Rechargeable batteries of the so-called “rocking chair” type are believed to be understood, in which a carbon material, for example graphite, is used as the anode material, which is able to intercalate lithium ions at the intercalation sites of its lattice planes formed by carbon atoms in the form of six-membered rings when charging is carried out. Typically, a lithium intercalation material, such as LiCoO2, LiNiO2 or LiMn2O4, is used as the active cathode material, which is able to deintercalate the lithium ions from their intercalation sites during charging so that lithium ions migrate back and forth between the intercalation electrodes during the charging/discharging cycles.
A metallic lithium anode is used as the anode in various types of lithium batteries, in particular the so-called post lithium-ion batteries, such as Li-sulfur or Li-oxygen. The problem of irregular lithium deposition occurs in this anode, so that the porosity and the volume of the entire lithium anode increase continuously after repeated dissolution and deposition processes of lithium metal. This enlarges the internal surface on which the parasitic side reactions with the electrolyte take place.

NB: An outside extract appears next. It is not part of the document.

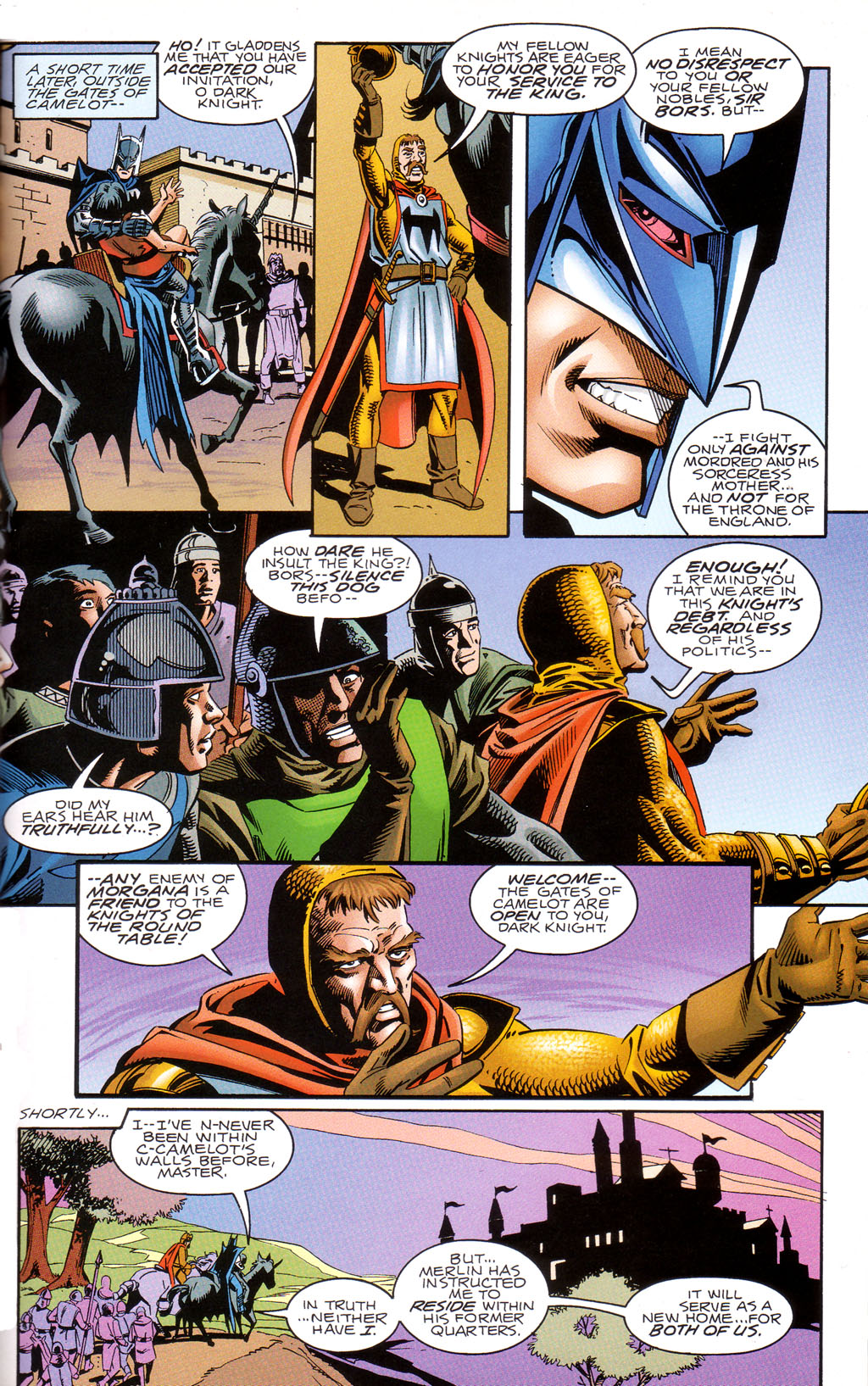 Read online Batman: Dark Knight of the Round Table comic -  Issue #1 - 43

In order to prevent these effects, the lithium anode is usually covered with a lithium-ion-conducting protective layer (e.g., polymer ion conductor, solid ion conductor), which prevents contact between lithium and the electrolyte. Due to the volume movements in the lithium anode as a result of the dissolution and re-deposition of lithium, the protective layer must also continuously move together with the lithium surface. It is known from experimental tests that none of the presently known ion-conducting materials as the protective layer withstands these volume movements over numerous charging/discharging cycles. Rather, fractures and cracks develop, which significantly impair the function of the protective layer. As long as this problem persists, even a protective layer that conducts ions very well is not able to offer lasting protection to the lithium anode against the electrolyte.